## What to work on
Retype, without pictures, the line holding "Warga Singapura memborong" and each line below it through the final line.

## Working data
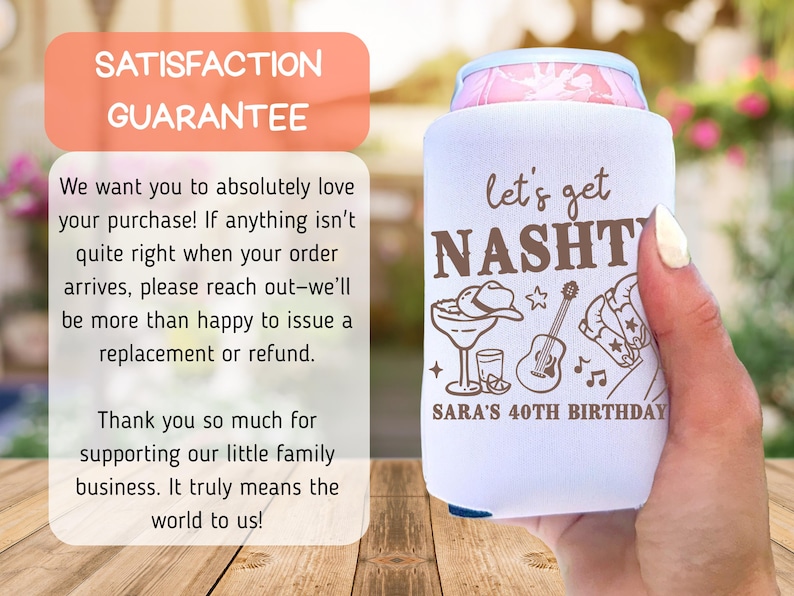 Op de afbeelding: Witte blikjeskoeler met de tekst "let's get NASHT" in bruin, samen met illustraties van een margarita, cowboyhoed, gitaar en sterren. De tekst "SARA'S 40TH BIRTHDAY" is ook opgenomen. De blikjeskoeler wordt door een persoon vastgehouden.
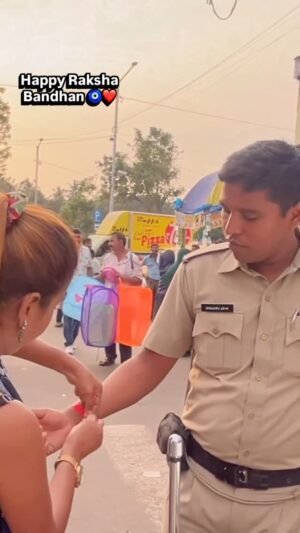 Saheli Rudra Instagram - Anjan Bhaiyo ke Saath Rakhi ka Pyaar Batna š«¶š§æš¹
Happy Raksha Bandhan To My All Brothers š«°ā¤ļø
#publicreaction #happyrakshabandhan #reelitfeelit #festival #viral #instagram #foryou
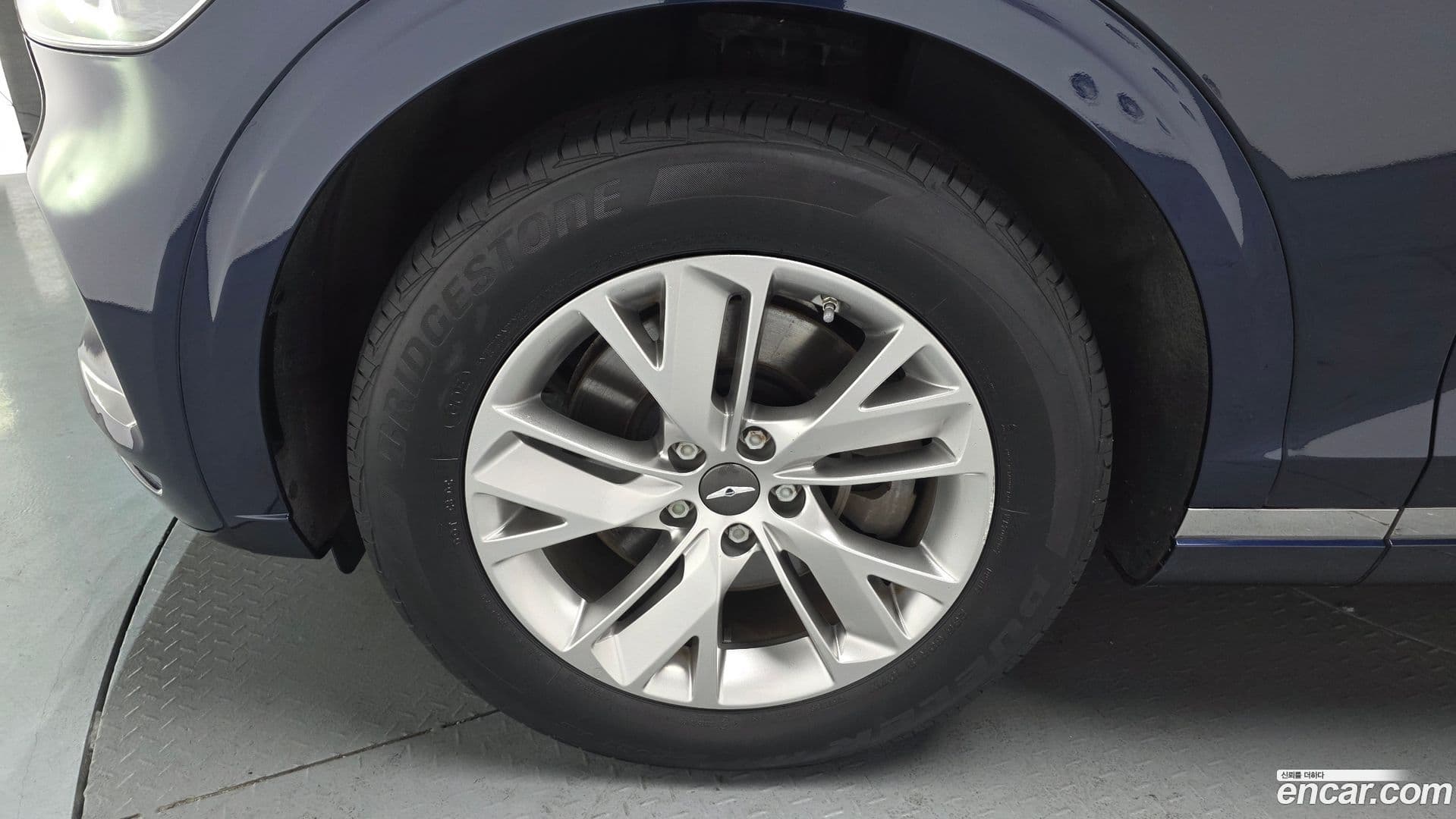 Main__Slider__Photo:GV70 Genesis 2021.1-4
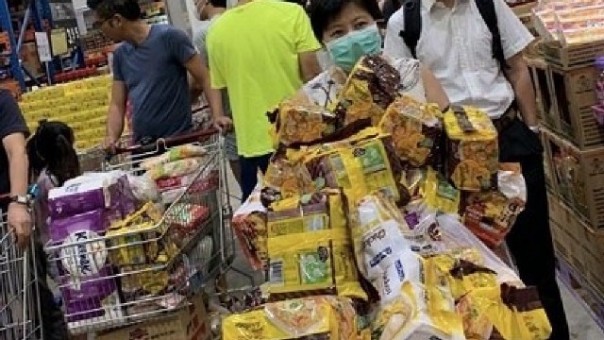 Warga Singapura memborong kebutuhan pokok di salah satu supermarket. Kepanikan telah melanda warga di negara itu setelah wabah virus Corona terus meningkat. Foto: int 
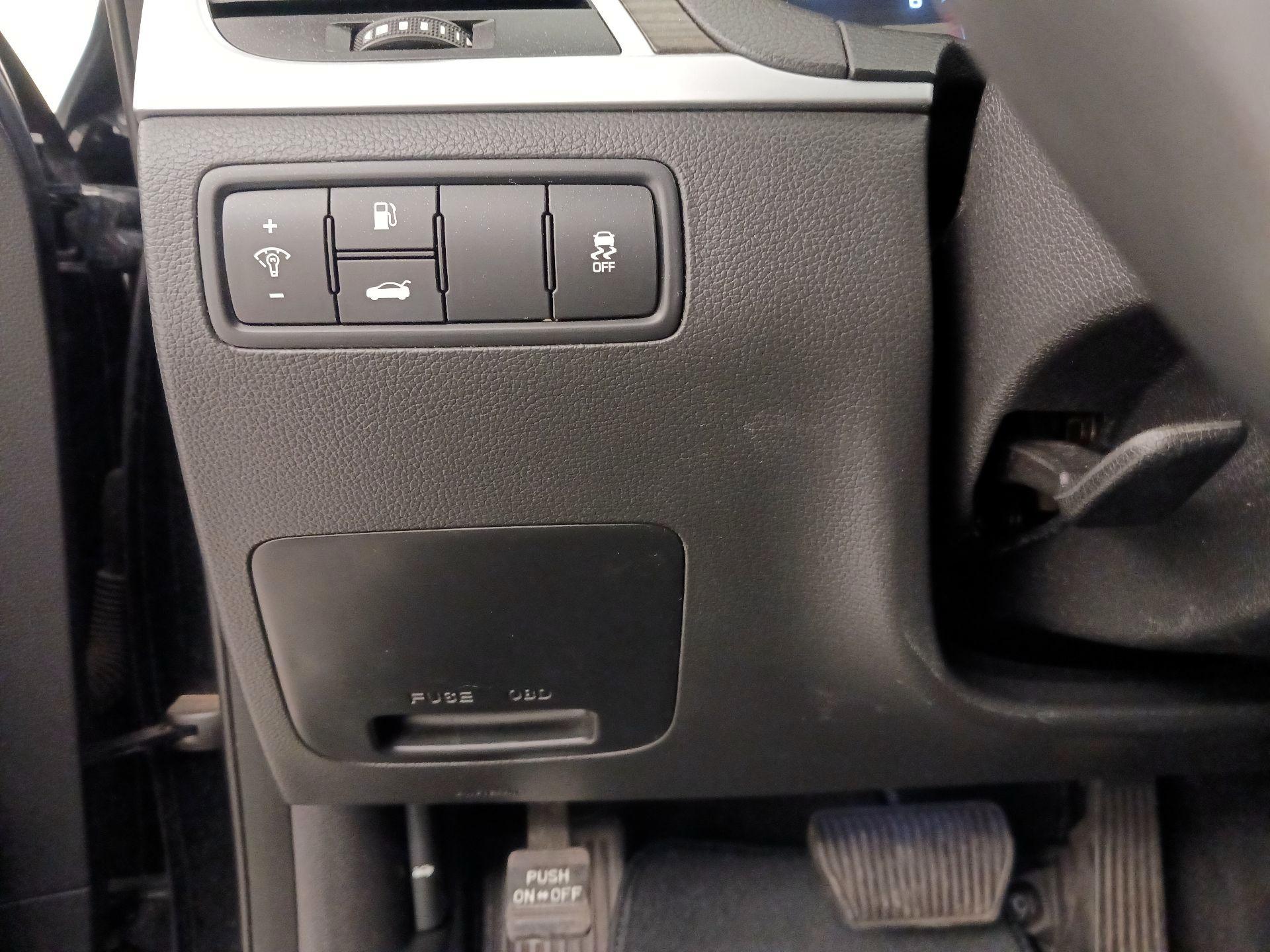 Thumbnail: 2015 Hyundai Genesis - 13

## Your solution
 Warga Singapura memborong kebutuhan pokok di salah satu supermarket. Kepanikan telah melanda warga di negara itu setelah wabah virus Corona terus meningkat. Foto: int 
 Thumbnail: 2015 Hyundai Genesis - 13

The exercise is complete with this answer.